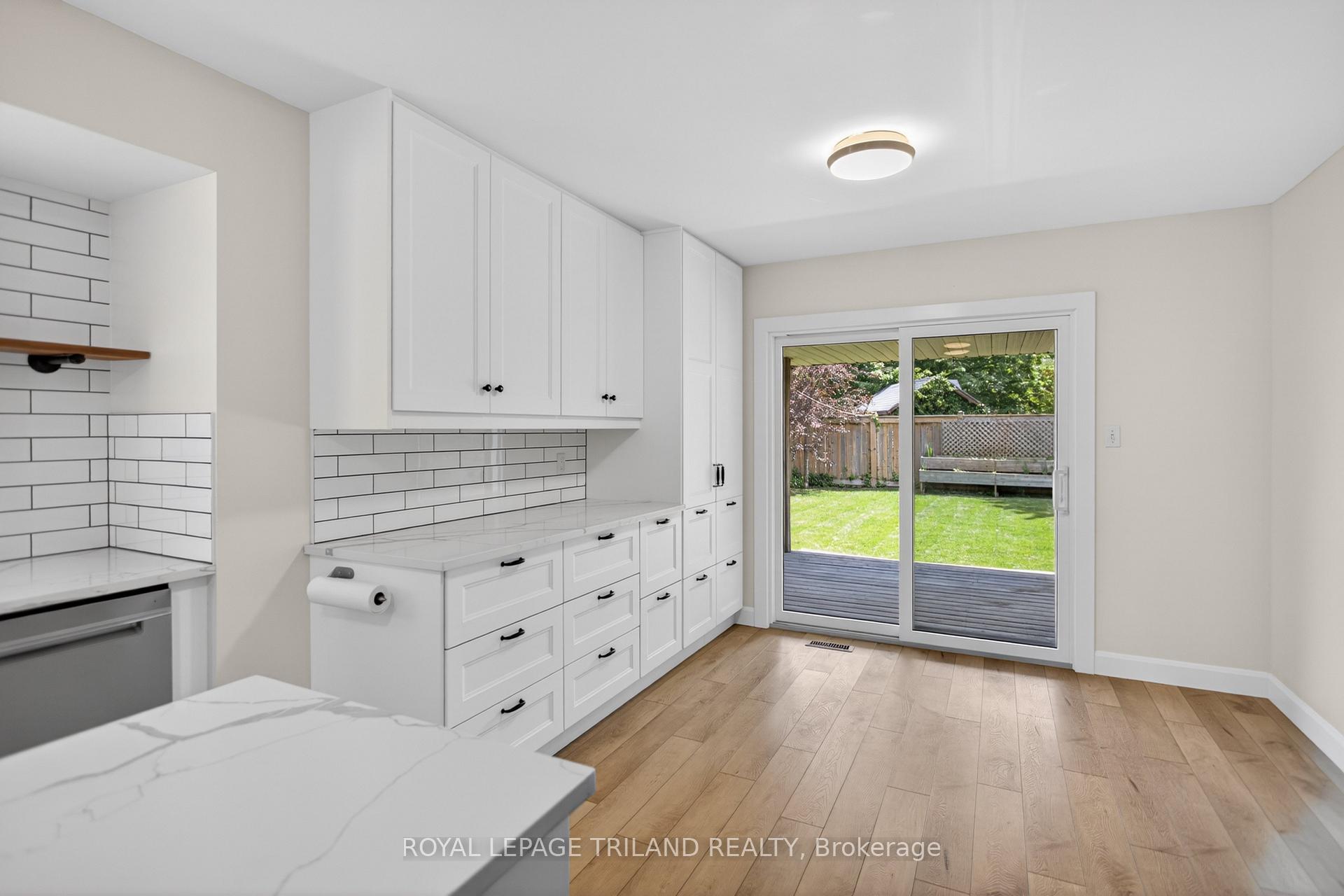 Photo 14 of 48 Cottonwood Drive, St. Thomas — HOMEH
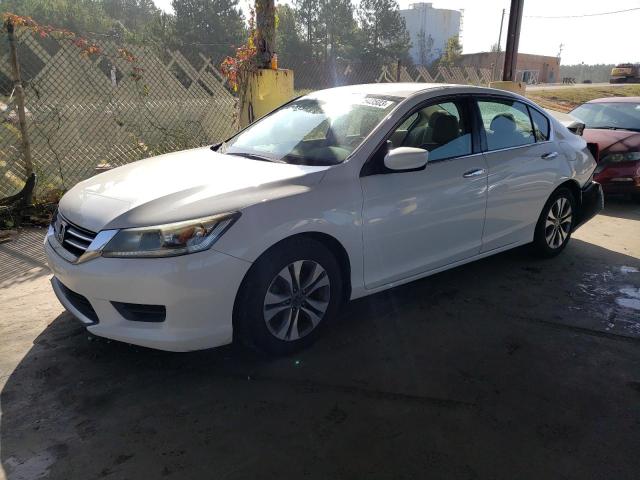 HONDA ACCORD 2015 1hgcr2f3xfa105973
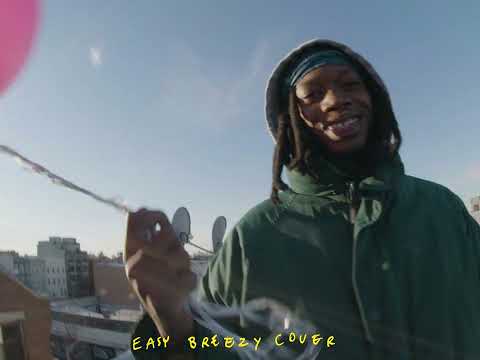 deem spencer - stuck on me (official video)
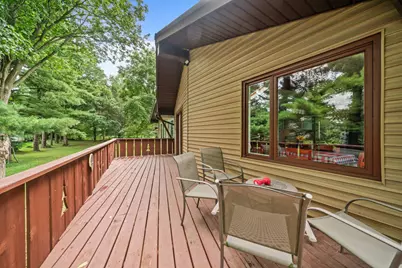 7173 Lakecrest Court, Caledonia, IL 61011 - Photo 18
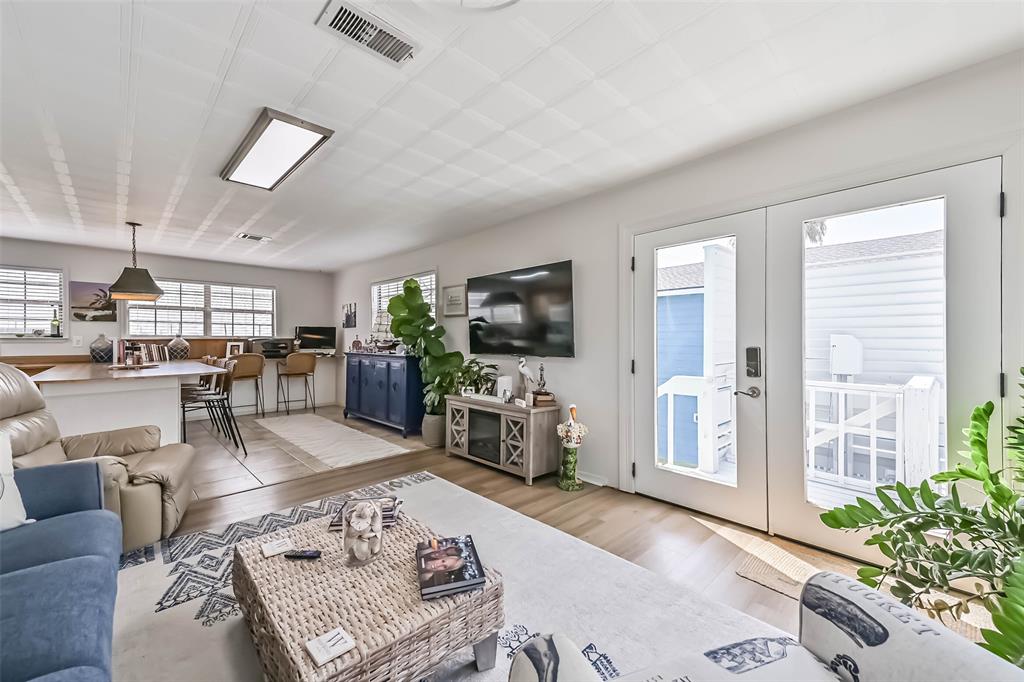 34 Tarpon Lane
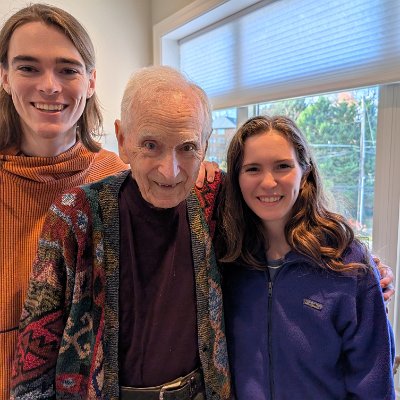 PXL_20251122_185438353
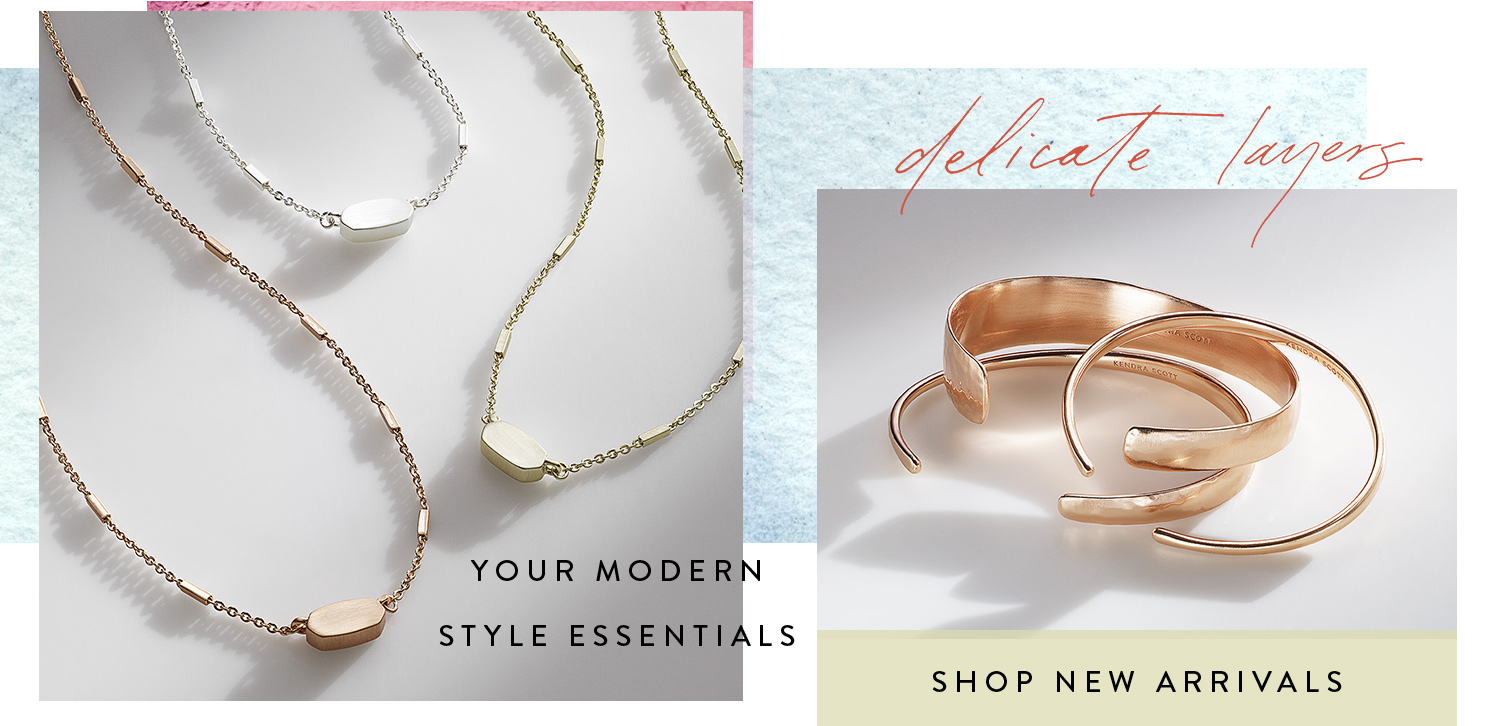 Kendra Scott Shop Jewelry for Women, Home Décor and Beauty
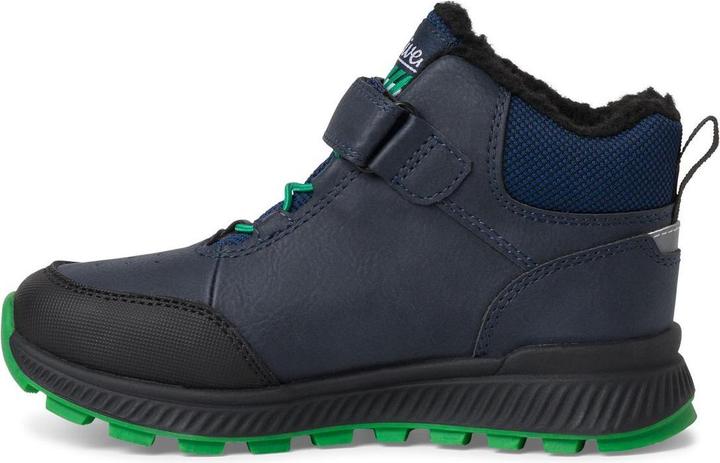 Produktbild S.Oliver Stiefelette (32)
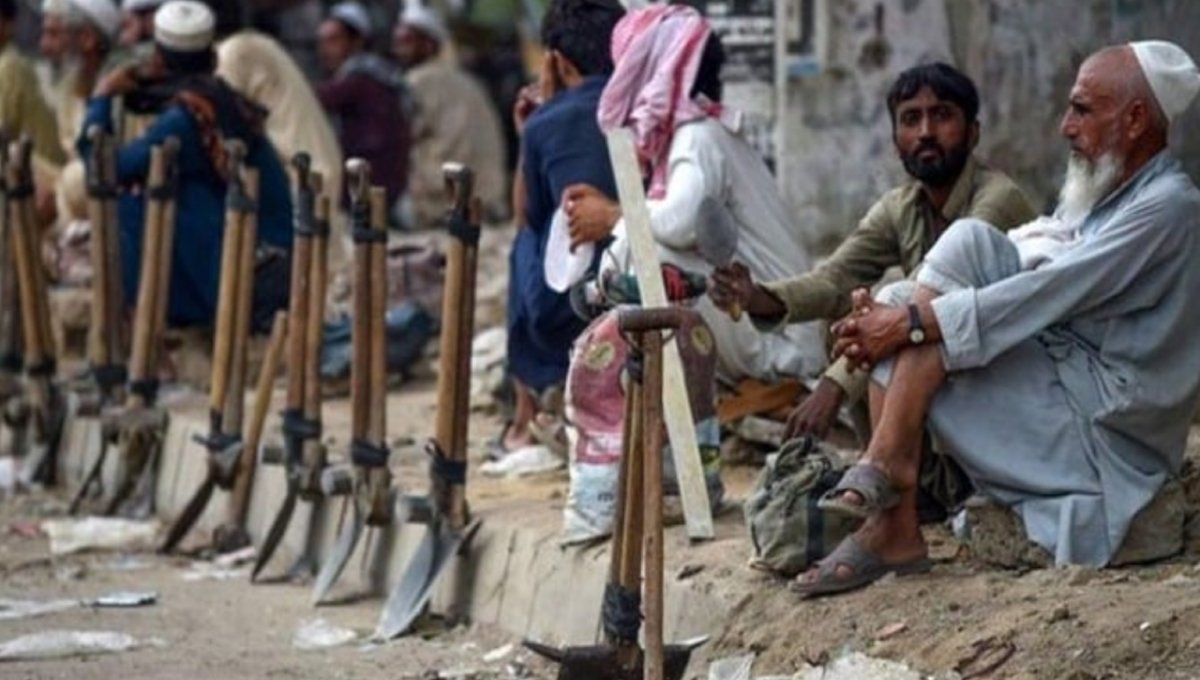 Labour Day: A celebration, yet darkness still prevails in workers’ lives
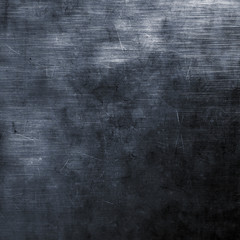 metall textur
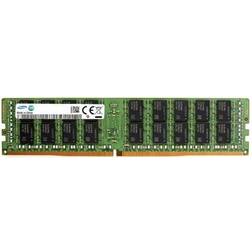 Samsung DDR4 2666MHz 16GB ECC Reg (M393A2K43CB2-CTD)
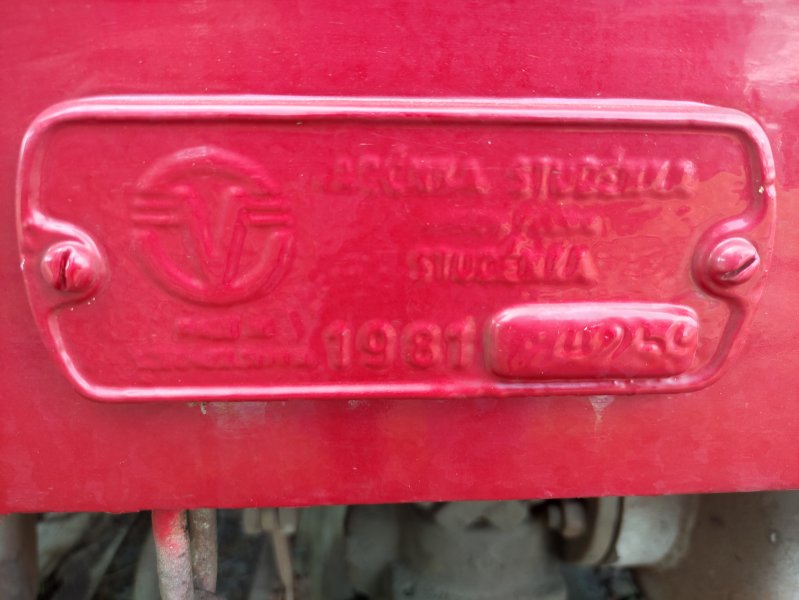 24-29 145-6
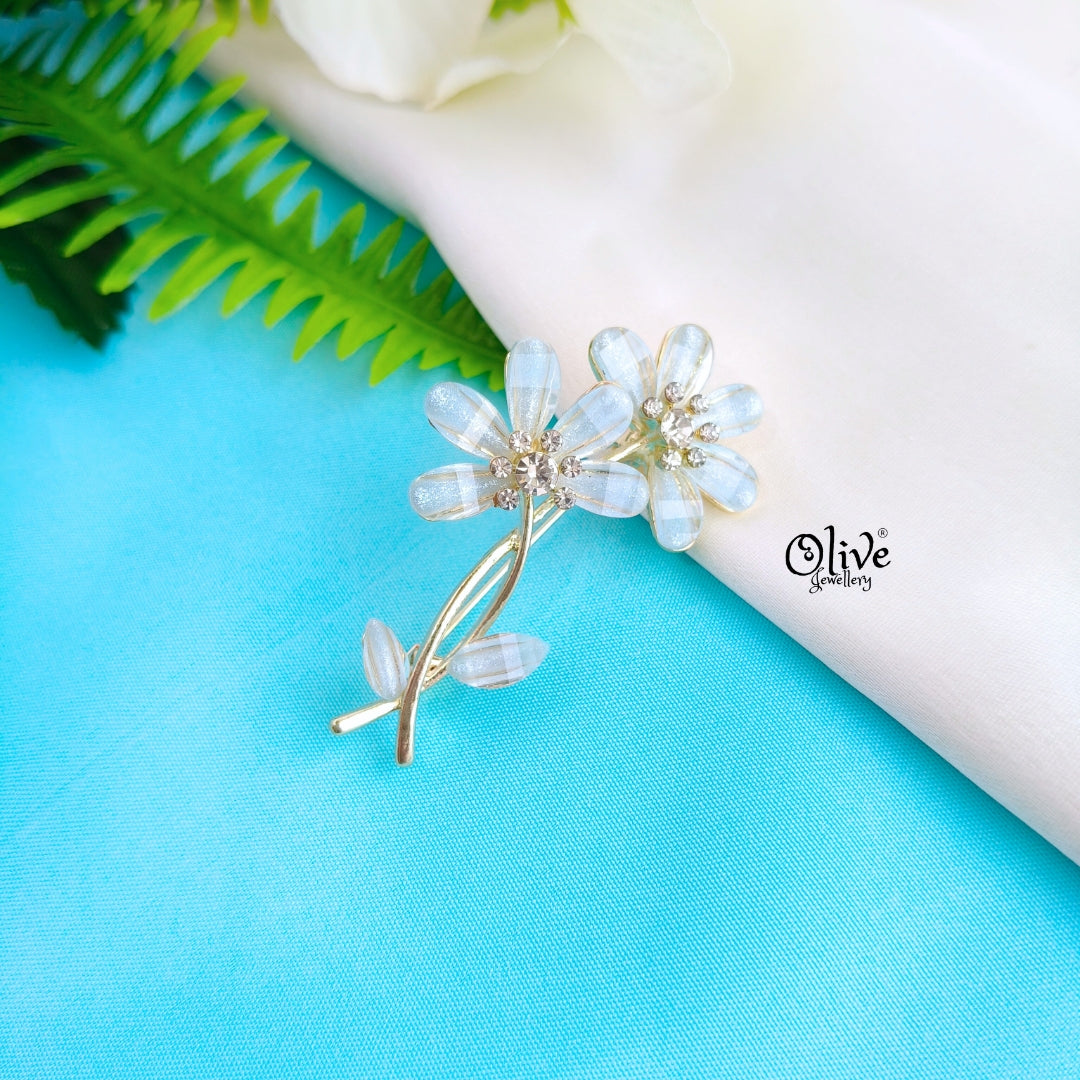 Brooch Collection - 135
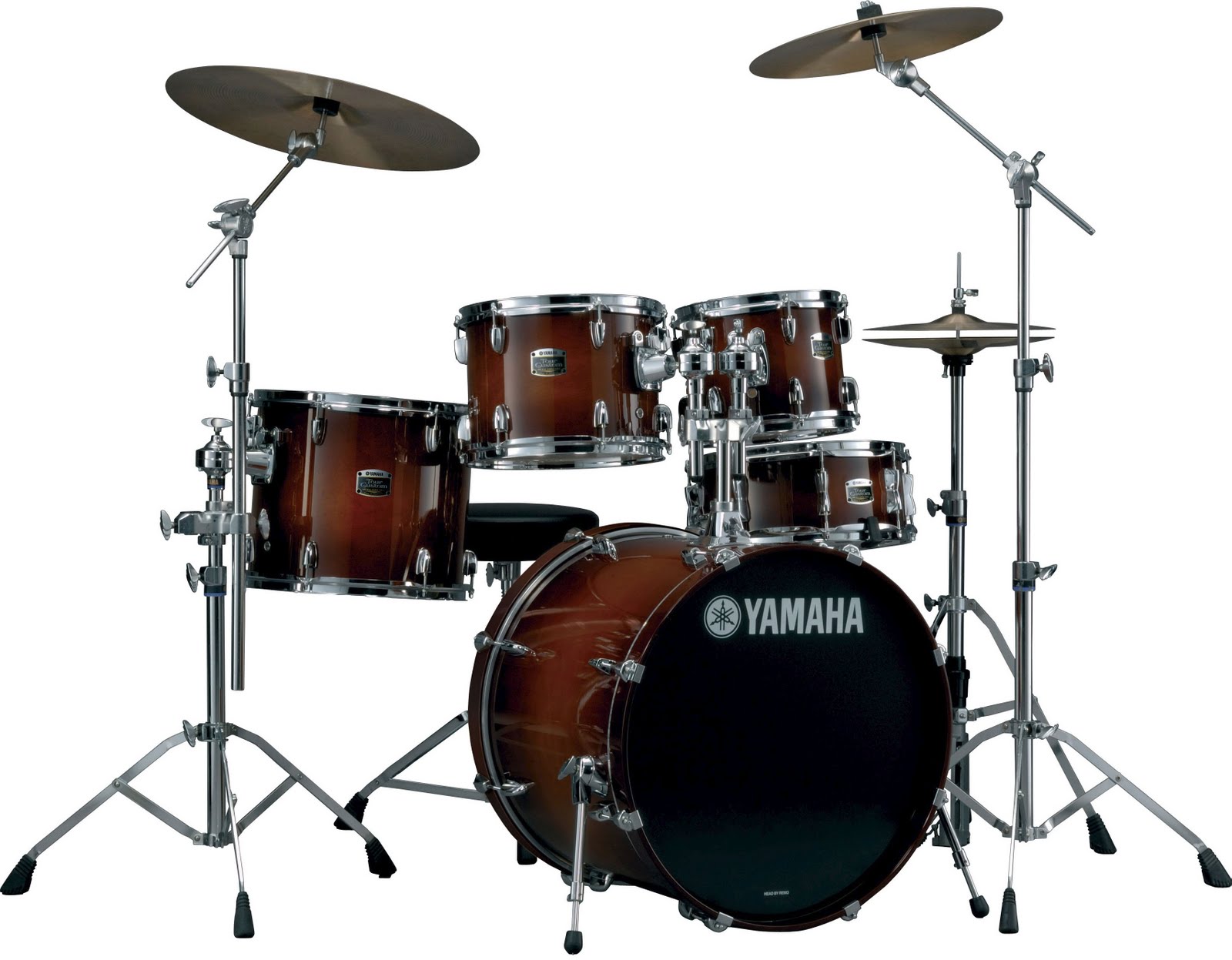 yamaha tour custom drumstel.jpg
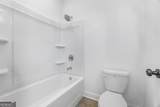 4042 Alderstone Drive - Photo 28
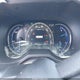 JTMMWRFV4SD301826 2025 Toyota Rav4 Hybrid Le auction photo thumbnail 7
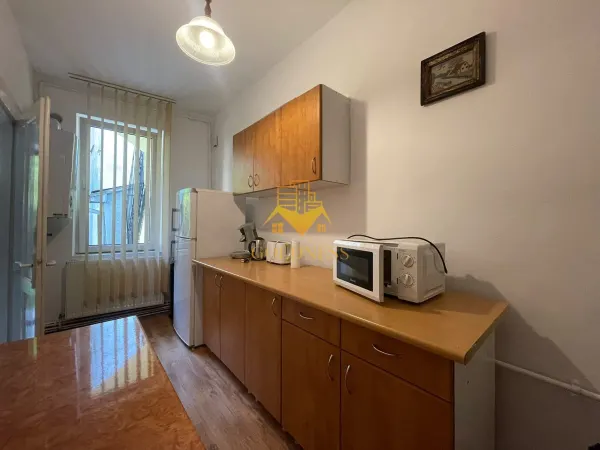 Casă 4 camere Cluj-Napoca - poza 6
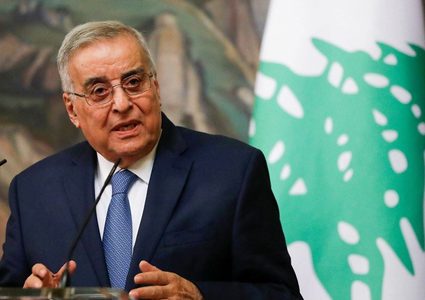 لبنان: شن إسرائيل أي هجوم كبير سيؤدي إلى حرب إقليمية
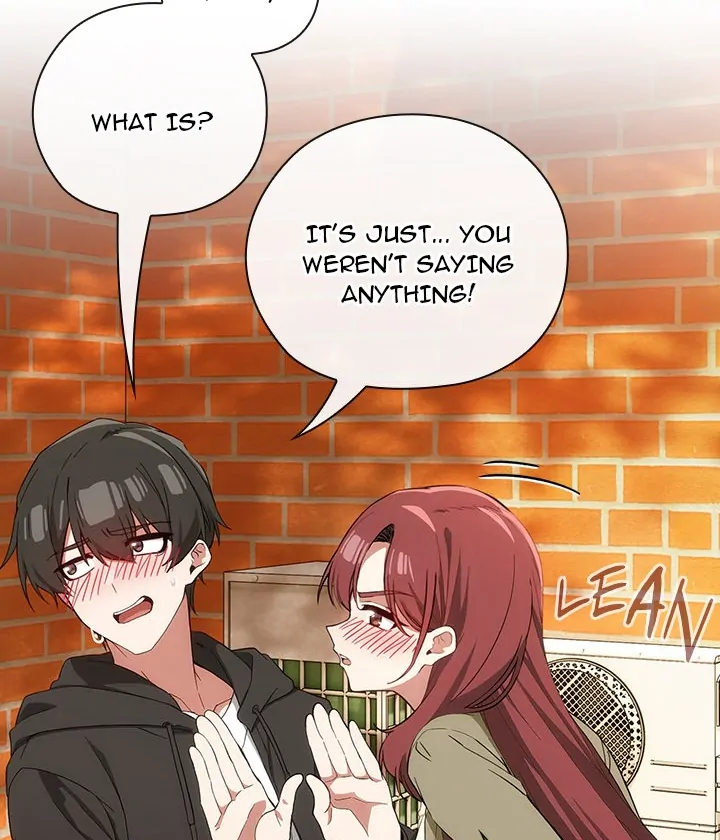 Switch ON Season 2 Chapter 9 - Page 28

# WHAT IS NEEDED:
Return only the lines from the one that contains "deem spencer - stuck on me (official video)" through the closing line of the data, inclusive, reproduced exactly and with every picture left out.

# TASK OUTPUT:
 deem spencer - stuck on me (official video)
 7173 Lakecrest Court, Caledonia, IL 61011 - Photo 18
 34 Tarpon Lane
 PXL_20251122_185438353
 Kendra Scott Shop Jewelry for Women, Home Décor and Beauty
 Produktbild S.Oliver Stiefelette (32)
 Labour Day: A celebration, yet darkness still prevails in workers’ lives
 metall textur
 Samsung DDR4 2666MHz 16GB ECC Reg (M393A2K43CB2-CTD)
 24-29 145-6
 Brooch Collection - 135
 yamaha tour custom drumstel.jpg
 4042 Alderstone Drive - Photo 28
 JTMMWRFV4SD301826 2025 Toyota Rav4 Hybrid Le auction photo thumbnail 7
 Casă 4 camere Cluj-Napoca - poza 6
 لبنان: شن إسرائيل أي هجوم كبير سيؤدي إلى حرب إقليمية
 Switch ON Season 2 Chapter 9 - Page 28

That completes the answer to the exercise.